Signed between the seller and the buyer of the property, the sales agreement contains a mandatory suspensive clause, relating to obtaining the mortgage necessary for the purchase. A clause releasing the buyer from his commitment to the seller, in case of credit refusal.
In other words, the financial institution draws up a loan offer, respecting the wording imposed by law. Concretely, this results in the dissemination of certain information, the presence of mandatory legal notices and supporting documents to be included in the file.
What laws govern the establishment of a mortgage?
Home loans to individuals are subject to the “Scrivener” and “Scrivener 2” laws, dating from 1978 and 1979 respectively.
If they still remain in force, these provisions have been regularly amended, whether by the Lagarde law in 2010, by the Hamon law in 2014 and by the application in French law of European law relating to “consumer credit contracts, relating to real estate for residential use ”. Without forgetting the consumer code, which protects the consumer in terms of credit.
What does a loan offer contain?
If a bank can freely publish provisional documents or financing estimates, its loan offer must present the following information, in accordance with article L313-25 of the Consumer Code :
- The identity of the parties and sureties (names and addresses and company name)
- Information relating to the credit (nature, object, duration, rate, date of availability of funds, etc.). For fixed-rate loans, the amortization schedule. For variable rate loans, a note on the terms and conditions of the interest rate variation, an indicative simulation of the impact of a variation on the monthly payments, the duration and the total cost of the credit.
- The amount of the credit, its total cost, and its APR
- The required insurance and guarantees conditioning the conclusion of the credit
- Mention of the possibility of opting for a delegation of insurance
Since 1 October 2016, the bank or financial institution must also have a European Standardized Sheet (UNICEF), to facilitate the comparison of loan offers made by different organizations approached. In fact, it follows a formalized model with 15 points to be filled in (characteristics of the loan, conditions for early repayment, etc.)

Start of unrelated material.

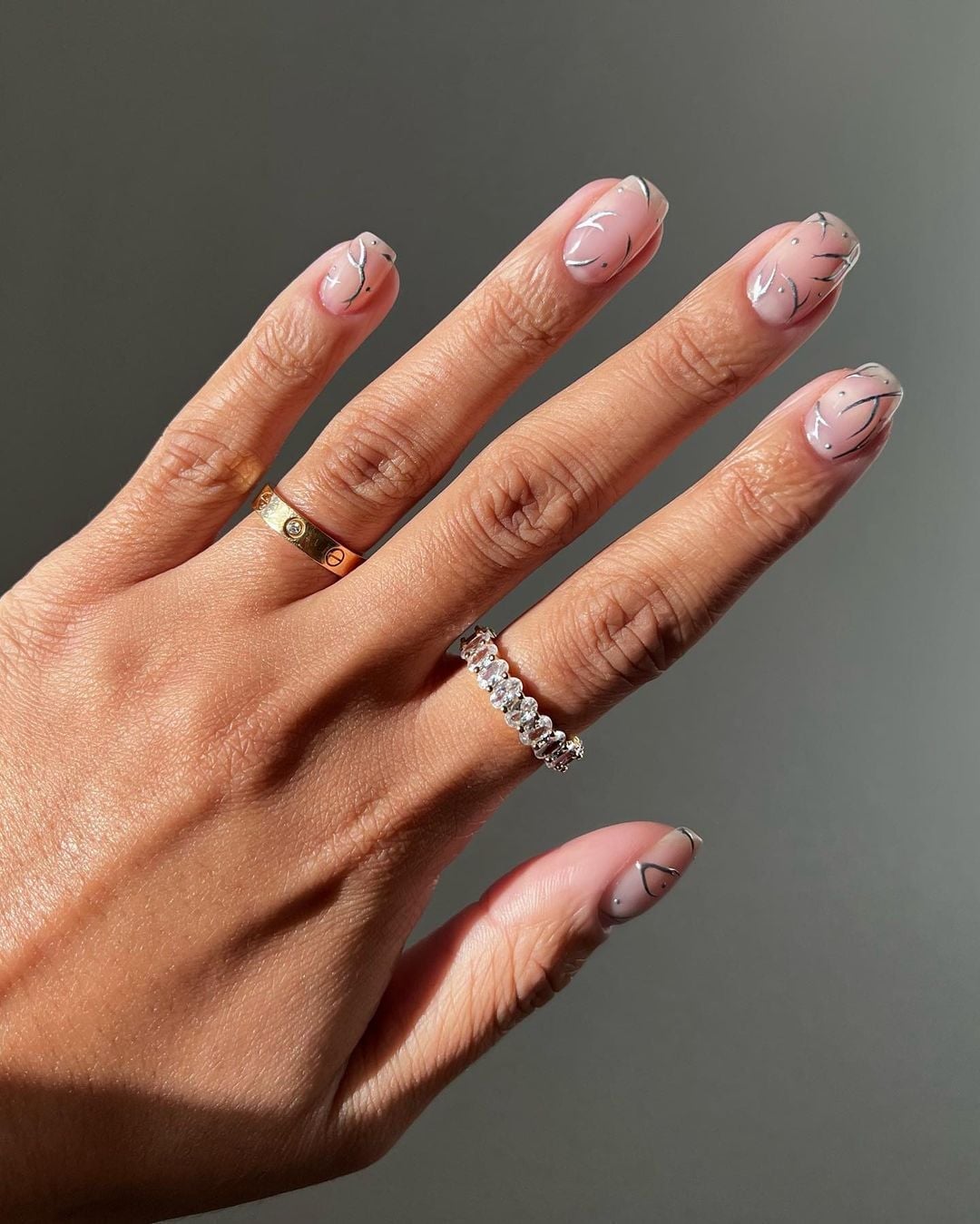 Short Almond Nails With Silver Lines and Dots — Minimalist Nails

What is its period of validity?
Made by the bank or financial institution, the loan offer is an official document, valid for 30 calendar days, from the date of receipt of the financing proposal by the borrower.
Note that it can only be accepted after a reflection period of 10 calendar days. After this mandatory period, it only remains to send it back signed by letter, to officially accept it.
At this stage, the loan offer can no longer be modified by the bank.
How is the loan offer set up?
After this signature, the borrower has a period of 4 months to buy his property. If the signing of the sales agreement cannot be made before this period, the loan offer may be extended at the request of the borrower, but the bank may refuse.
If the sale is canceled, the accepted loan related to this project must also be resolved. Concretely, this results in the return of the slip sent by the bank with the loan offer, by registered letter with acknowledgment of receipt.
If the sale is sealed, the bank sends the banker’s check directly to the notary, which corresponds to the amount of the loan if your property purchase is an existing property.
For a good under construction, the sums follow the progress of the works.